Western Media and Bill Maher will never tell you about Andalusia (Spain) where all races co-existed between 711 and 1492 under Muslim power, nor about its aesthetic and intellectual achievements. We are taught that Islam is intolerant, reactionary, and can’t tolerate the outsider and NOT that Israel is intolerant, reactionary, and can’t tolerate the outsider. Catholicism for centuries was the same, but are we taught about that? Was the Spanish Inquisition somehow an exercise in tolerance? Or the Crusades?
“Every major Zionist thinker has always talked about the transfer of the Palestinians, the expulsion of the Palestinians, getting rid of them, spiriting them away. So, it’s a continuity which was there from the very beginning.” As long as Palestinians are there Palestinians will be the problem for Israel. Edward defines Hasbara as “information in the West for the goyim.” Edward said Rabin’s plan was “The best thing that will happen to the Palestinians is to get rid of them. If they won’t be gotten rid of, we’ll sign an agreement with them that will make their lives so intolerable that in the end they will die to get out. That in my opinion is the plan.” He says this is the basic Zionist premise unless you go to fringe groups like B’Tselem.
Note that US Media and Zionist Instagram pages endlessly blather on about security for Israelis but NEVER security for Palestinians.
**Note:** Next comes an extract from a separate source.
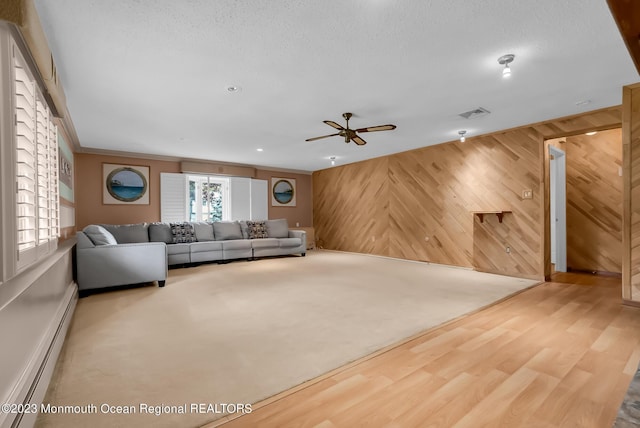 unfurnished living room featuring a textured ceiling, wooden walls, carpet floors, wood finished floors, and baseboard heating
ONLY the occupier calls themselves the victim, while the illegally occupied are ONLY called terrorists or fools who voted for terrorism. Funny how if Palestinians were only Jewish, they’d be called Freedom Fighters. Note also that 80% of Gazans are actually not from Gaza but came from the north (Haifa, Jaffa, etc); today in 2024 they are refugees still on the move playing an endless forced game of musical chairs – only without the music or chairs, keep moving or die, or watch your friends die, while US liberals stay silent. Edward says CNN doesn’t inform, “It simply confirms the world’s ideological system, now controlled, I believe, by the US, and a few allies in Western Europe.” The PLO was born as a liberation movement in the 20th century and became the only liberation movement in human history to sadly turn “itself into a collaborator with the occupying force.”
This was another great book with Edward Said, I love everything he discussed, so reading this was a no brainer. How great to hear him in conversation, I loved the informality and sense of him being in the room while you read. Too bad it was so short, but I learned a lot.